*Exercise objective*
The lines to repeat are those below from the one containing "Toyota RAV4, 2021" down to the one containing "1980 Cheoy Lee Motorsailer - Photo 9", both included; reproduce them exactly and nothing else.

*Given records*
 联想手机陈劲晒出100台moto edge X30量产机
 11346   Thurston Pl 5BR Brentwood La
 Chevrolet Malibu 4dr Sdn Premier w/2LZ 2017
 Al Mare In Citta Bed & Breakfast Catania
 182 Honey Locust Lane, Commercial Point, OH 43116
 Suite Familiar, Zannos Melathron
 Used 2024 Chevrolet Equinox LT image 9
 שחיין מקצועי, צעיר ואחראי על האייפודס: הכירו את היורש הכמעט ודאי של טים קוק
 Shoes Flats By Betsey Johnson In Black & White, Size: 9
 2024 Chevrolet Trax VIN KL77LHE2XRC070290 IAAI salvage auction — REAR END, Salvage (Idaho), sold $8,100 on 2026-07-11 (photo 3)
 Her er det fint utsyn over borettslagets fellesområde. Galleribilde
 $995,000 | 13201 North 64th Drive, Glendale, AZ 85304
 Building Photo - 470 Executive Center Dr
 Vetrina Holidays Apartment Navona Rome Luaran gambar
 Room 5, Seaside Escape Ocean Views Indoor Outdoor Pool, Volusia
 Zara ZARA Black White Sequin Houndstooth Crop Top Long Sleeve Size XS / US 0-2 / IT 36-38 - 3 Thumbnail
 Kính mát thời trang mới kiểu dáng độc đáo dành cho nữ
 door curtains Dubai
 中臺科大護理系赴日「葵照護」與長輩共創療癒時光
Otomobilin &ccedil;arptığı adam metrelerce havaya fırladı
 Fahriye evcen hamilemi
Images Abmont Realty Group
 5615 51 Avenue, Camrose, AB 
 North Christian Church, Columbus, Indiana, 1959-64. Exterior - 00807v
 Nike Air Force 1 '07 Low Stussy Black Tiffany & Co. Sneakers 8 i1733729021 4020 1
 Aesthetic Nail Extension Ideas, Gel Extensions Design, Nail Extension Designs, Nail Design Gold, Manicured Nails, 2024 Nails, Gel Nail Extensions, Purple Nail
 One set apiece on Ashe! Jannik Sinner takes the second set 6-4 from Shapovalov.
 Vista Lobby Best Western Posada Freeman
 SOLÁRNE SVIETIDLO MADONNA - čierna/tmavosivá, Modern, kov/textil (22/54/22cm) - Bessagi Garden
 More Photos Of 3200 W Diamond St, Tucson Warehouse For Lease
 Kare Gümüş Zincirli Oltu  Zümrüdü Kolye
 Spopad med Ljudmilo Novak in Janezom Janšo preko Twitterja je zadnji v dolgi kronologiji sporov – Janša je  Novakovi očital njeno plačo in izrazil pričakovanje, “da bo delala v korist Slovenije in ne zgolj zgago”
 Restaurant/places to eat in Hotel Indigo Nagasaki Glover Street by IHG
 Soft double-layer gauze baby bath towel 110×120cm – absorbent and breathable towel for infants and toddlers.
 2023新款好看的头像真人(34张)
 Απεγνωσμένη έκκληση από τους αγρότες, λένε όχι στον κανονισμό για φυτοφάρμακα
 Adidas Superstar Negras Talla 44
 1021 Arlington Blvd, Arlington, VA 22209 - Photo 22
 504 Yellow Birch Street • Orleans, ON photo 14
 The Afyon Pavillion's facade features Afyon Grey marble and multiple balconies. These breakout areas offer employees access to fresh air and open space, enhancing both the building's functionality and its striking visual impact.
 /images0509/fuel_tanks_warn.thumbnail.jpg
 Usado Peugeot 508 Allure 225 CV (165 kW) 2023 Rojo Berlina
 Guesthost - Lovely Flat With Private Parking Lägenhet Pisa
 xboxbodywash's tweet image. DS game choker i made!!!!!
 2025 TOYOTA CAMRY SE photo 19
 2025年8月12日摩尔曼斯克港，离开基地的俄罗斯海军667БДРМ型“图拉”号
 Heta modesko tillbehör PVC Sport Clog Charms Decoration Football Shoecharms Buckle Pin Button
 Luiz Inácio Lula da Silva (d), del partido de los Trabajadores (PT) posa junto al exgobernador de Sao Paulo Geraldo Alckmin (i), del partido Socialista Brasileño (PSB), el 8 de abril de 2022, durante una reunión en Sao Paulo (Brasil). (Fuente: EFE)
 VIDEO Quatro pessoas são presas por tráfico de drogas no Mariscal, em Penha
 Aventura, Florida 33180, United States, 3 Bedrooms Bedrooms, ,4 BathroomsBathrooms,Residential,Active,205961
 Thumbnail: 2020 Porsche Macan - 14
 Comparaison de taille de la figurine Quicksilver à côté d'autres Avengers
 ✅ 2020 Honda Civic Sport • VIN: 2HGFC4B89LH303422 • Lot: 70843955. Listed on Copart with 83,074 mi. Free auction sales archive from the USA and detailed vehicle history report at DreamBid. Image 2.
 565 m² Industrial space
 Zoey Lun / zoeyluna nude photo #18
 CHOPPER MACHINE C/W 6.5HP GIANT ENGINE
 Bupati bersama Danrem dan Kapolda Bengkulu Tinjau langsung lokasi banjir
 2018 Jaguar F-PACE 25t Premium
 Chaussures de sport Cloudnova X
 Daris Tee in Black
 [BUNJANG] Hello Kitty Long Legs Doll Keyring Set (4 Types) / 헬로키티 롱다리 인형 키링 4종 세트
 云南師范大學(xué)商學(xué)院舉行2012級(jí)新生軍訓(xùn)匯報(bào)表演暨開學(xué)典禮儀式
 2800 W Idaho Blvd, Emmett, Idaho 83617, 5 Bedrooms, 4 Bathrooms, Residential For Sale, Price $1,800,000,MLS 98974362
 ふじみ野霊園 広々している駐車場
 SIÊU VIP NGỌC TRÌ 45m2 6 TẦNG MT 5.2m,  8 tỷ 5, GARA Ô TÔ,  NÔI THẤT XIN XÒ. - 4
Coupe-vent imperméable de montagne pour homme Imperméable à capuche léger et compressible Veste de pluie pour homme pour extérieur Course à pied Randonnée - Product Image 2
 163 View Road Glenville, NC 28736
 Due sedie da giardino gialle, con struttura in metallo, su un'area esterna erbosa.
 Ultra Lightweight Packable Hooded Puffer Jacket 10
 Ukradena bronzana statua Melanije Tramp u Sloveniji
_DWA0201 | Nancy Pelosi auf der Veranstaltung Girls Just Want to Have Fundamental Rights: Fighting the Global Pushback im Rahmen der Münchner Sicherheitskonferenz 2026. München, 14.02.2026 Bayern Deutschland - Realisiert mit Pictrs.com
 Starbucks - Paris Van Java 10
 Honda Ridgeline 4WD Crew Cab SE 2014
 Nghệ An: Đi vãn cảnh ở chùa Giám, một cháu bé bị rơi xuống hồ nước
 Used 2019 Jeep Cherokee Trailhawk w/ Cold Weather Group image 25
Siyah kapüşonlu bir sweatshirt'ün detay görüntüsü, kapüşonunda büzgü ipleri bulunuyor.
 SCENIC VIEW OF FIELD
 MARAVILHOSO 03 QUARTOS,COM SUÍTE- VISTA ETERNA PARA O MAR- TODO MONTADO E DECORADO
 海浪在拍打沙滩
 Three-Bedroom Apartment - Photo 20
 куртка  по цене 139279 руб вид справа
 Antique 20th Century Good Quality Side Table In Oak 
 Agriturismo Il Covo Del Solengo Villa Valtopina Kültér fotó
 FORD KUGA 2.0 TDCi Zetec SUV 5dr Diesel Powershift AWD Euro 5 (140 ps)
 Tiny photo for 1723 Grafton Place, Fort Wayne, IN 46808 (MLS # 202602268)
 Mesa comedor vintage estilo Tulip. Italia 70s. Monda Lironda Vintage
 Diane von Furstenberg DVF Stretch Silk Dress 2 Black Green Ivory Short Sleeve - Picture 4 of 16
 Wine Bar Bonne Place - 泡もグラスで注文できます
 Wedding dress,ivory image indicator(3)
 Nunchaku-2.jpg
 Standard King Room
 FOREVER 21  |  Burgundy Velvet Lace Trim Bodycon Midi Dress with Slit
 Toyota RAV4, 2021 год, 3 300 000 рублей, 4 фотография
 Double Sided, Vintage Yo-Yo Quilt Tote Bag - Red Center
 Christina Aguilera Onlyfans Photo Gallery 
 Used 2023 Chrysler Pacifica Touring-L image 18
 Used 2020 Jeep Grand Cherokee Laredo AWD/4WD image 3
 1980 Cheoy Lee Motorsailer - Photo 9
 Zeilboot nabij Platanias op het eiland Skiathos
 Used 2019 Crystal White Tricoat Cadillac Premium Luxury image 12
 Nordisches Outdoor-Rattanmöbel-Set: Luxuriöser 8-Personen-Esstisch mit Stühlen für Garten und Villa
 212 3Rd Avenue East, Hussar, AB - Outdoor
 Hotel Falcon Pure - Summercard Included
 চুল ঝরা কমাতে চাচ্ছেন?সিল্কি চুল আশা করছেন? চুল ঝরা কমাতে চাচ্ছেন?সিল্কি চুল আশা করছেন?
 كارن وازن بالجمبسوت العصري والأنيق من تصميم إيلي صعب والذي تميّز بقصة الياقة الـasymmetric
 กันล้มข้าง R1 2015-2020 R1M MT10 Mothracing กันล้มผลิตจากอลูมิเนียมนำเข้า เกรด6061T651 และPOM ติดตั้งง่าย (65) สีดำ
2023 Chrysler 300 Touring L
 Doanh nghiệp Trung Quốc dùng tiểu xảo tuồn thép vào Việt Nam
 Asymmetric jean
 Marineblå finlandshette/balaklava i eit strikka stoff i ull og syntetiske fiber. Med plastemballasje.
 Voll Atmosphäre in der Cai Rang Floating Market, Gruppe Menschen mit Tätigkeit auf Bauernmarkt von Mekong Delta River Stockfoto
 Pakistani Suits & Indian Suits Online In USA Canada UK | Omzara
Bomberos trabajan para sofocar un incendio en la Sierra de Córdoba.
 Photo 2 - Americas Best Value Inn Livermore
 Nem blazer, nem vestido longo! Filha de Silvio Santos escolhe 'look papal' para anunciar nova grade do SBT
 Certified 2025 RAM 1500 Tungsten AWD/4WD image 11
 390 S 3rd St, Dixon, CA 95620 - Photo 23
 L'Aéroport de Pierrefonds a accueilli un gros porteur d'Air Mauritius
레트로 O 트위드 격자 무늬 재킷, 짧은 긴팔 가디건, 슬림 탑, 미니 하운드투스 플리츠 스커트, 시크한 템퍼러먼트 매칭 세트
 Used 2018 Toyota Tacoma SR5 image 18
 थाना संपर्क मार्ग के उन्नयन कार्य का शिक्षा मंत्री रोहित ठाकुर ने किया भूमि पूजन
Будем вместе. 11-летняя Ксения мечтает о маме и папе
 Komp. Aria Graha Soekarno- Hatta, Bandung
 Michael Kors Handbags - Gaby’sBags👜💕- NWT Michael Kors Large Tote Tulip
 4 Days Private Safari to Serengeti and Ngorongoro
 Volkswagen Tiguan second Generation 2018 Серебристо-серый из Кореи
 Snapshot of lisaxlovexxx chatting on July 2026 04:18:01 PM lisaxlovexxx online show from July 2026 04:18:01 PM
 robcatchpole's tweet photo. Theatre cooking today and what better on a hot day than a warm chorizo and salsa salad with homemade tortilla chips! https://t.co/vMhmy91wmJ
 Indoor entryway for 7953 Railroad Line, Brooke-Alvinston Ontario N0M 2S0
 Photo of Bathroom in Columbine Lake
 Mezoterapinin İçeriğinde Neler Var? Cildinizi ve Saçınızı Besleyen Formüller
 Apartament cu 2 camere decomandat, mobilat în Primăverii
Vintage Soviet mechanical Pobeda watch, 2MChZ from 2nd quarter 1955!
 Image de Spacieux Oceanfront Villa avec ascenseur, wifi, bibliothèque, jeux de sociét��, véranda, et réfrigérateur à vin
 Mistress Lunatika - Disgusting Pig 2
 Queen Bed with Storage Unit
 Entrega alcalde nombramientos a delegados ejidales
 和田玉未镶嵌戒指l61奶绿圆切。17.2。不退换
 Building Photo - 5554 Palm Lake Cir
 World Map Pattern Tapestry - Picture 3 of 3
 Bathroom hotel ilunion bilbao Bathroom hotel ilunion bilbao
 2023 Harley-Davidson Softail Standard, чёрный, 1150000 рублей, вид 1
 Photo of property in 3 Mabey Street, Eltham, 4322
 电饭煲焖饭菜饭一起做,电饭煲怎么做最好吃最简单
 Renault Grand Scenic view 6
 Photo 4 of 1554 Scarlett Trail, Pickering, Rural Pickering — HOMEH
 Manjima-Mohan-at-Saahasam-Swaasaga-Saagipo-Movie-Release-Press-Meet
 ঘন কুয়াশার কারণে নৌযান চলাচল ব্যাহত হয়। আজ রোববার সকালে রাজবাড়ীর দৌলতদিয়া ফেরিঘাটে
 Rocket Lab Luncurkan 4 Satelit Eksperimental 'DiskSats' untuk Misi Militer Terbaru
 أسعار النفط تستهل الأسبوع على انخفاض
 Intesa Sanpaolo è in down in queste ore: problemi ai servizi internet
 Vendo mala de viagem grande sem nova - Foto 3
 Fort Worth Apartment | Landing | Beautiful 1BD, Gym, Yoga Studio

*Task solution*
 Toyota RAV4, 2021 год, 3 300 000 рублей, 4 фотография
 Double Sided, Vintage Yo-Yo Quilt Tote Bag - Red Center
 Christina Aguilera Onlyfans Photo Gallery 
 Used 2023 Chrysler Pacifica Touring-L image 18
 Used 2020 Jeep Grand Cherokee Laredo AWD/4WD image 3
 1980 Cheoy Lee Motorsailer - Photo 9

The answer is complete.